*** Begin section ***

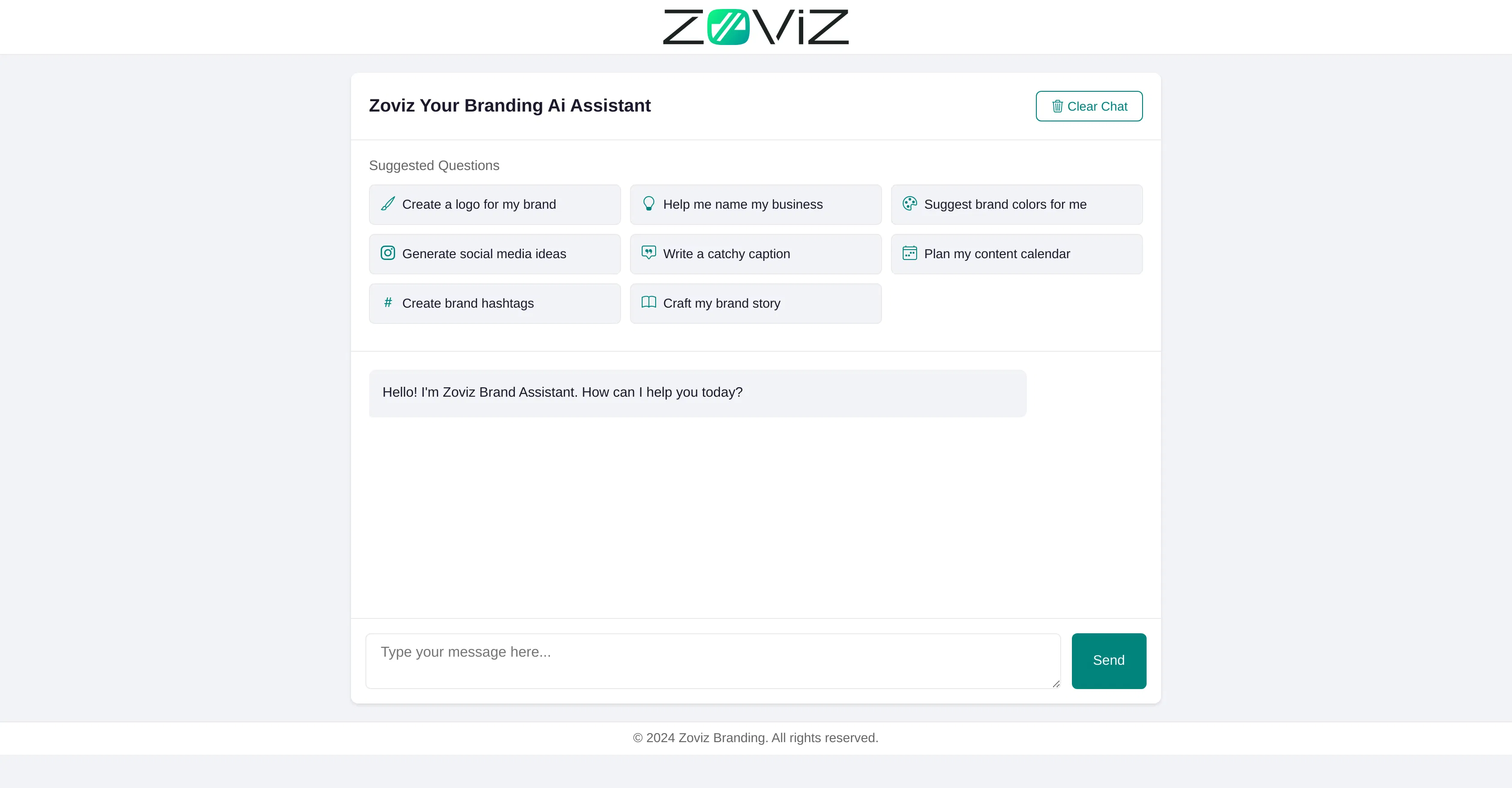 Zoviz Branding Expert screenshot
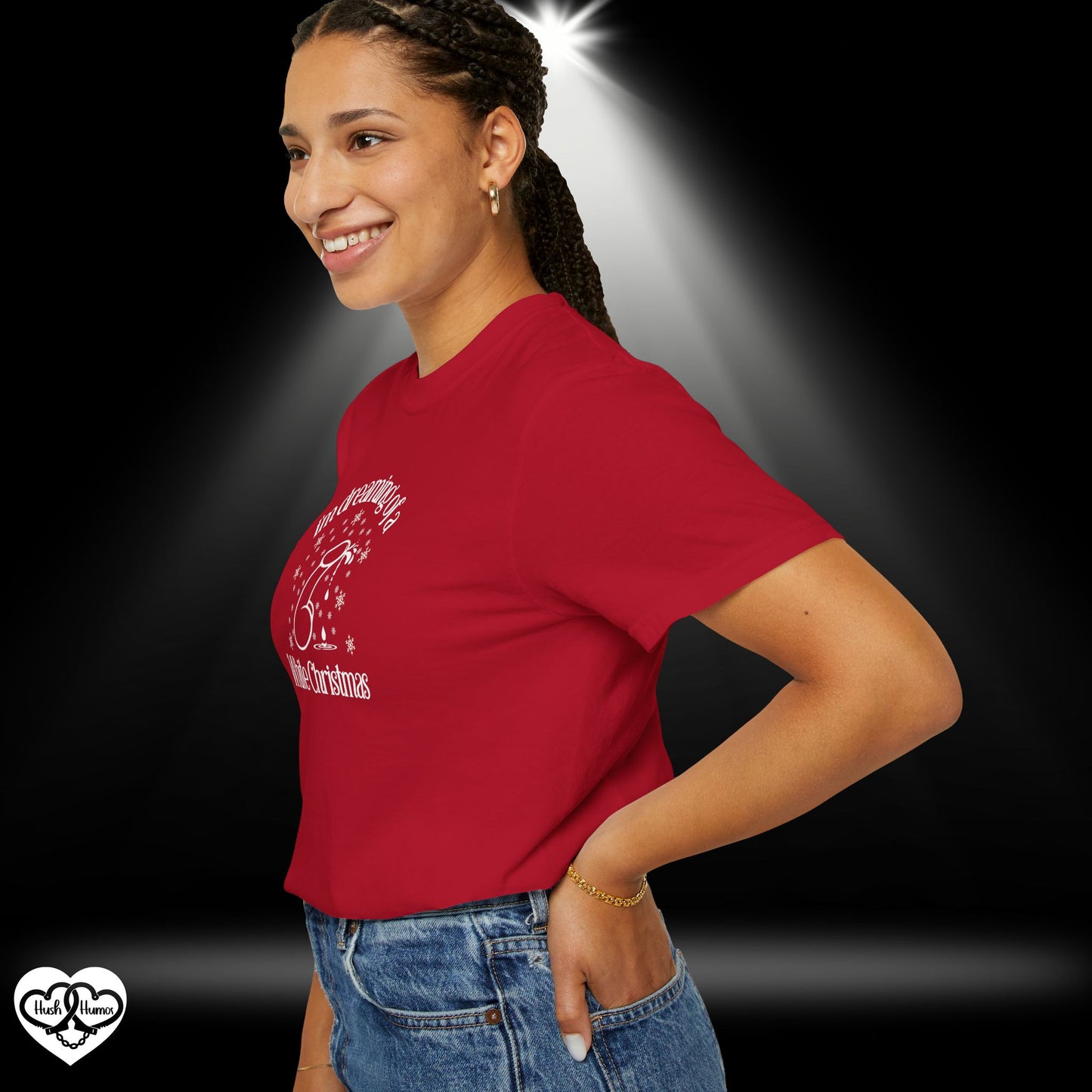 I’m Dreaming of a White Christmas Naughty Shirt – Funny Adult Xmas Tee, Sexy Holiday Party Top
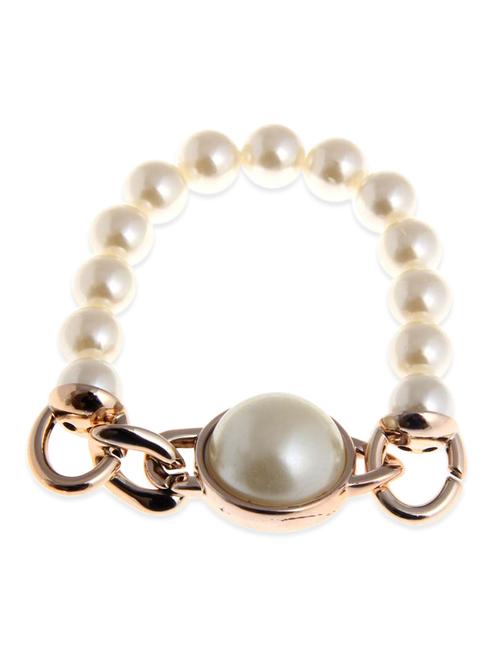 white pearl metal bracelet - 12305909 - Very Small Image - 1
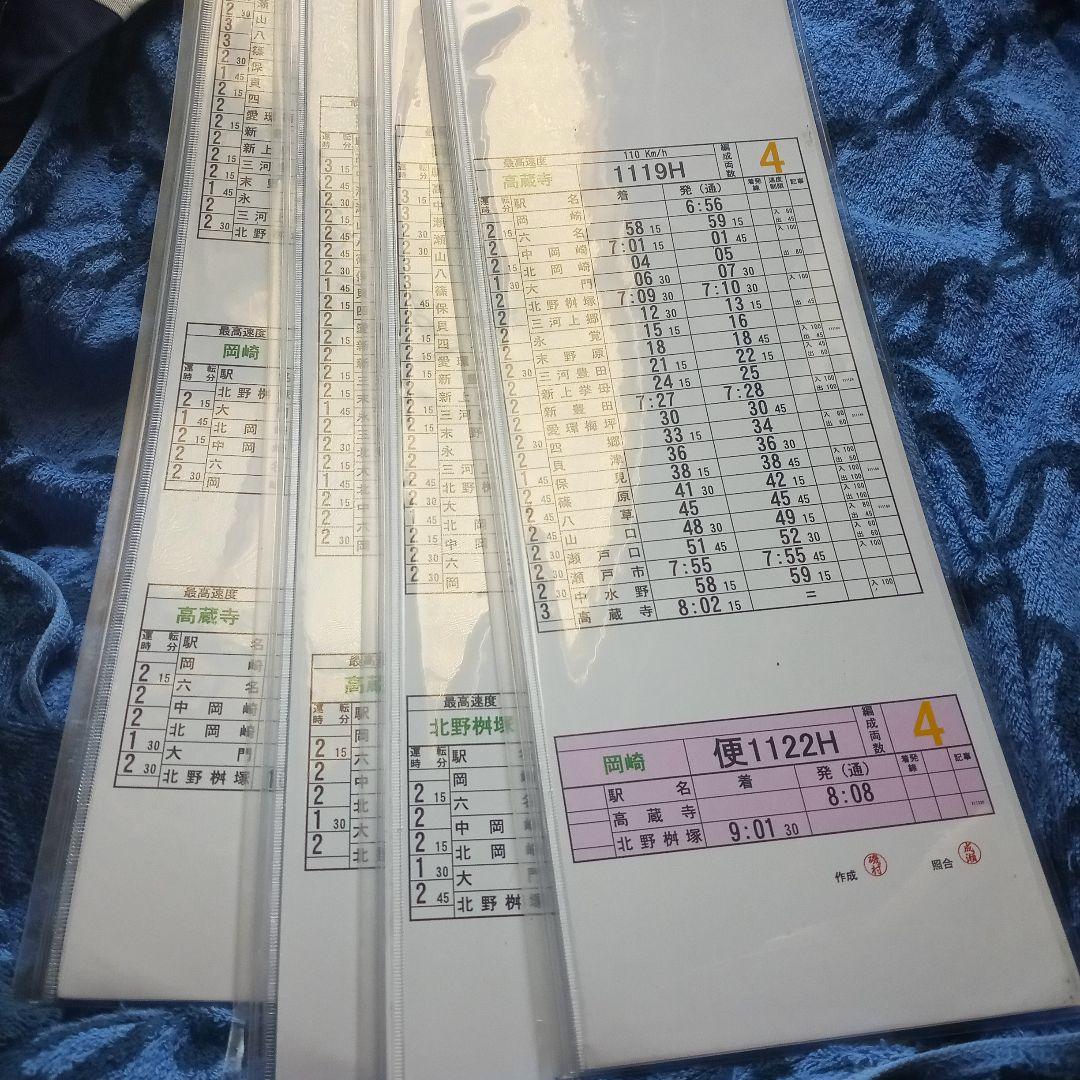 愛知環状鉄道 運転時刻表スタフ B27-W行路揃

*** End section ***

Exercise directions »
Without the pictures, repeat the line with "I’m Dreaming of" and every line after it to the end of the listing, and nothing else.

Solution »
 I’m Dreaming of a White Christmas Naughty Shirt – Funny Adult Xmas Tee, Sexy Holiday Party Top
 white pearl metal bracelet - 12305909 - Very Small Image - 1
 愛知環状鉄道 運転時刻表スタフ B27-W行路揃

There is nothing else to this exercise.